We take O_APPEND as an example with a value of 1024 or 0x400:

If you look at the values in the byte_iterator loop you can watch the mask- and shift values changing:

byte_iterator: 0, mask: ff000000, shift: 1000000, byte: 0
byte_iterator: 1, mask: ff0000,   shift: 10000,   byte: 0
byte_iterator: 2, mask: ff00,     shift: 100,     byte: 4
byte_iterator: 3, mask: ff,       shift: 1,       byte: 0

Combining mask and value with a bitwise AND returns the byte where the mask is 'ff', means the first loop gives the highest byte, the last loop returns the lowest byte. In this example we have O_APPEND with a hex-value of 00 00 04 00 giving the third byte is 4, all other bytes are 0.

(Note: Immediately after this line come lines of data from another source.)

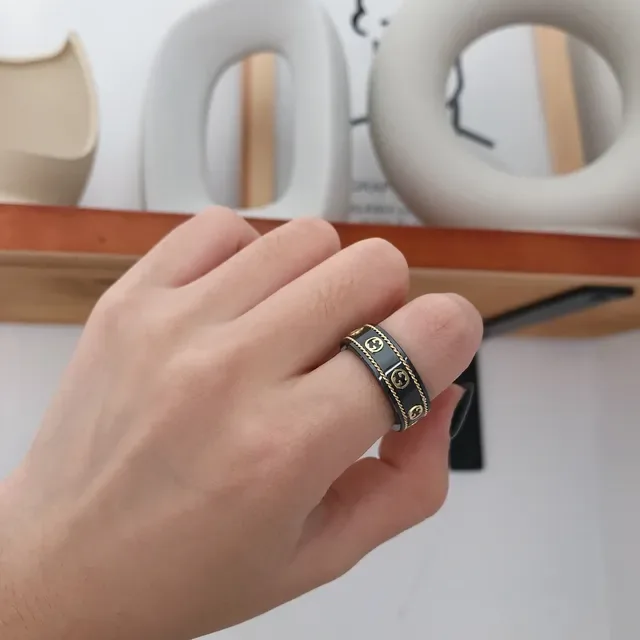 Gucci Black Gold Ceramic Interlocking G Logo Ring 4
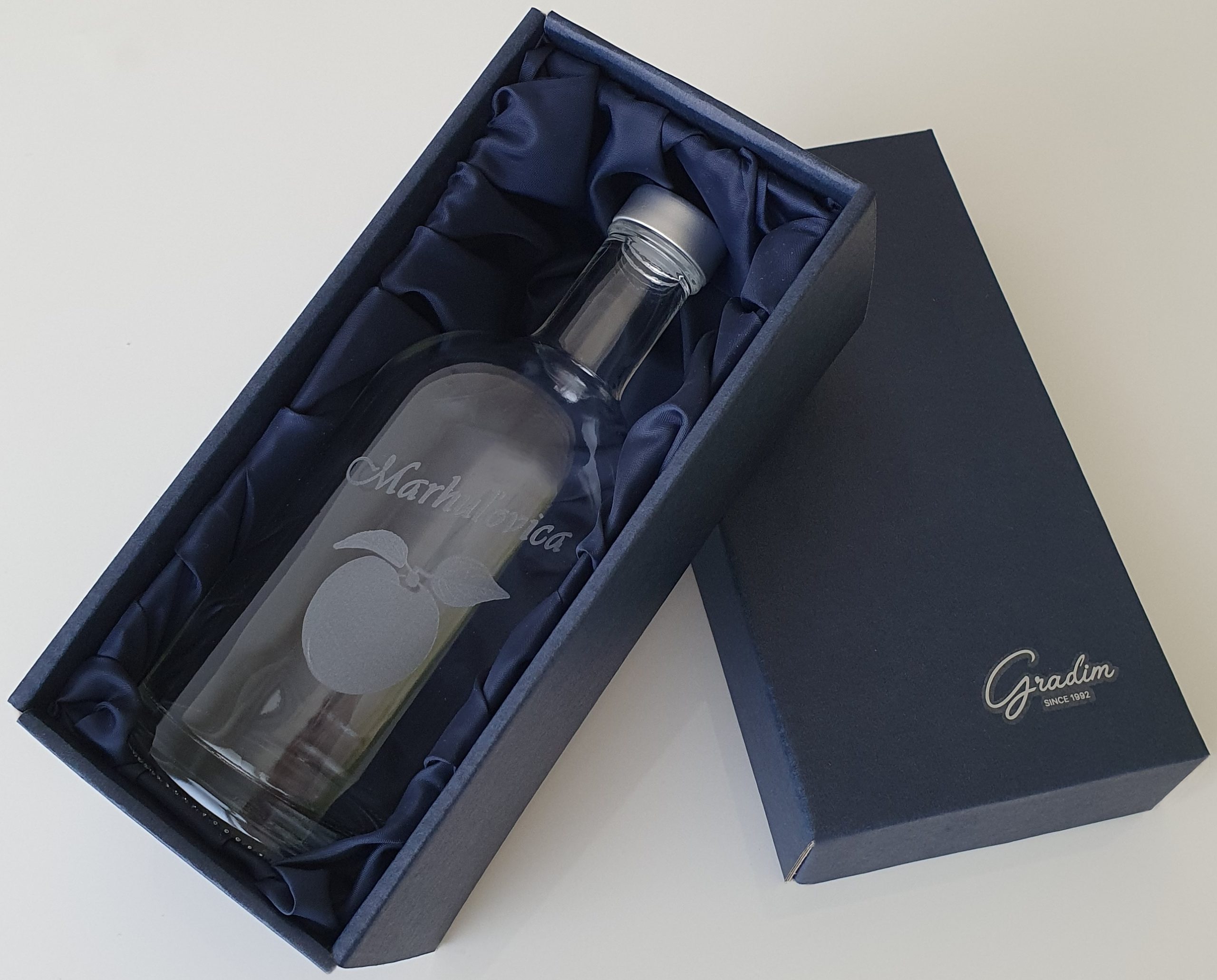 Marhuľovica, fľaša 0,5 l (0,7 l) 1 ks – Obrázok 2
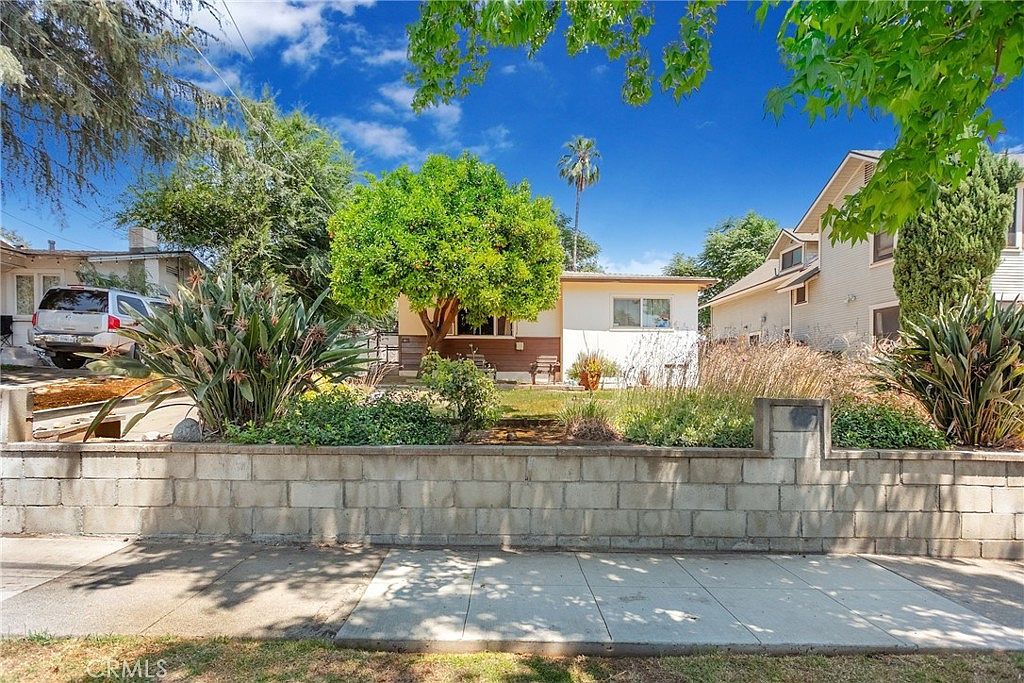 1062 Worcester Ave Pasadena, CA 91104 - Thumbnail 2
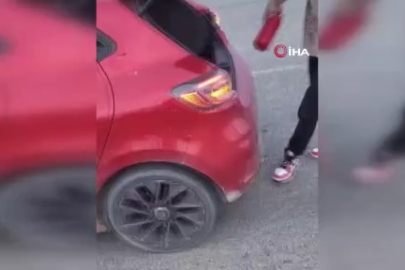 Seyir halindeki otomobil yandı, vatandaşlar yangın tüpleriyle yardıma koştu
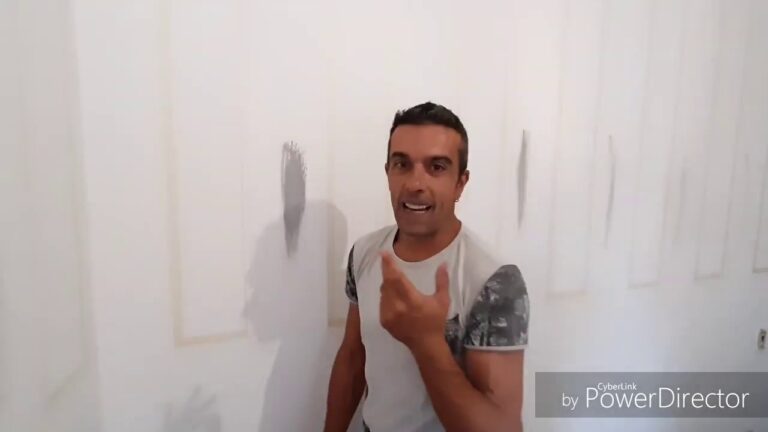 Crea un effetto sorprendente con le pareti a righe diagonali: Un tocco di originalit&agrave; per la tua casa!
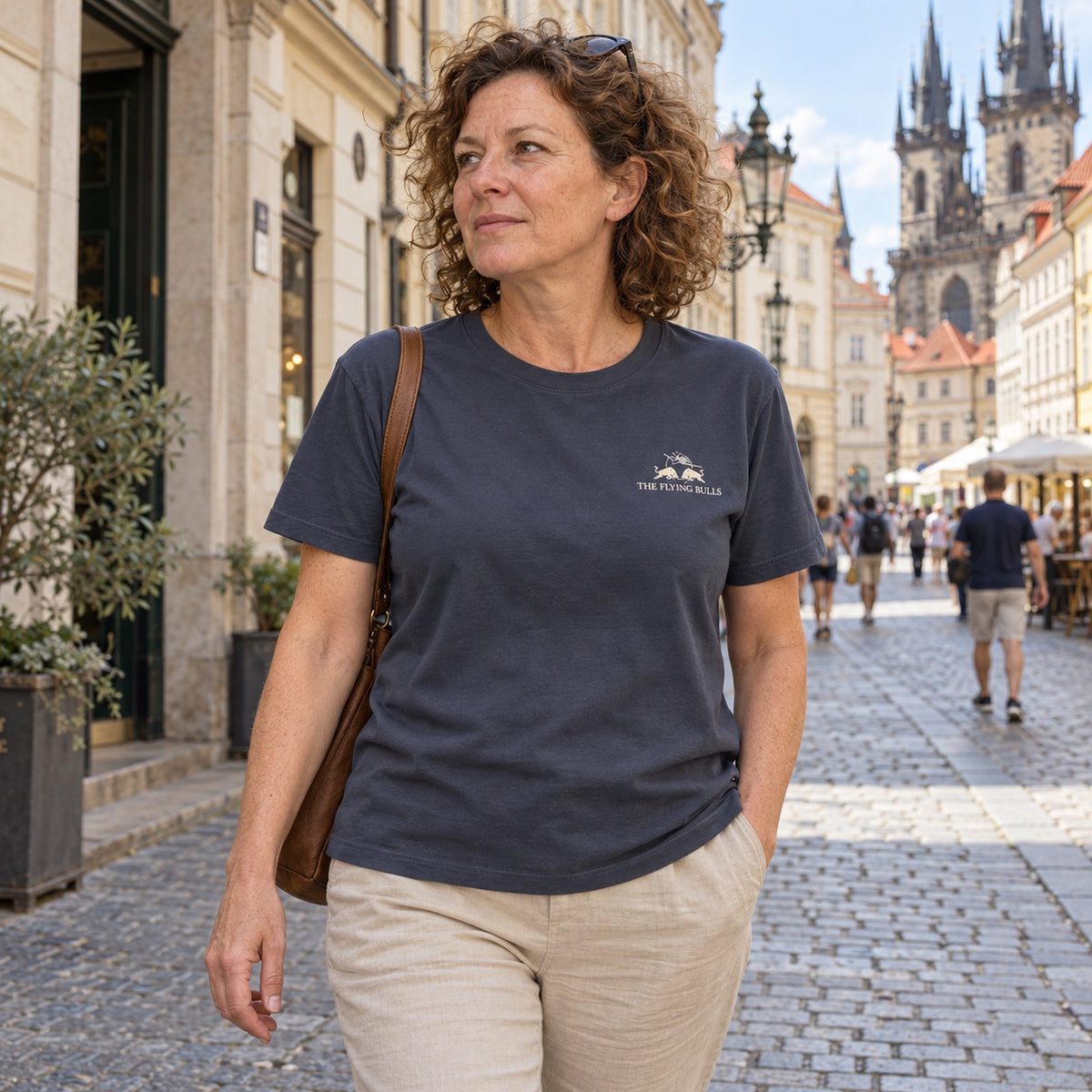 Red Bull The Flying Bulls Casual T-Shirt with Bull Motif – ilustrační foto 2 (AI)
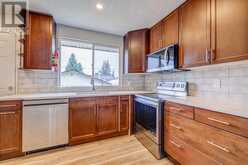 5720 18 Avenue NE Calgary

In the bit_iterator loop the mask used is 0x80 or binary 00001000:

loop number: 0, byte: 4,   byte & 0x80: 0
loop number: 1, byte: 8,   byte & 0x80: 0
loop number: 2, byte: 16,  byte & 0x80: 0
loop number: 3, byte: 32,  byte & 0x80: 0
loop number: 4, byte: 64,  byte & 0x80: 0
loop number: 5, byte: 128, byte & 0x80: 80
loop number: 6, byte: 256, byte & 0x80: 0
loop number: 7, byte: 512, byte & 0x80: 0

The 6th loop returns a value != 0, so the byte is printed out as 00000100 equals 0x4.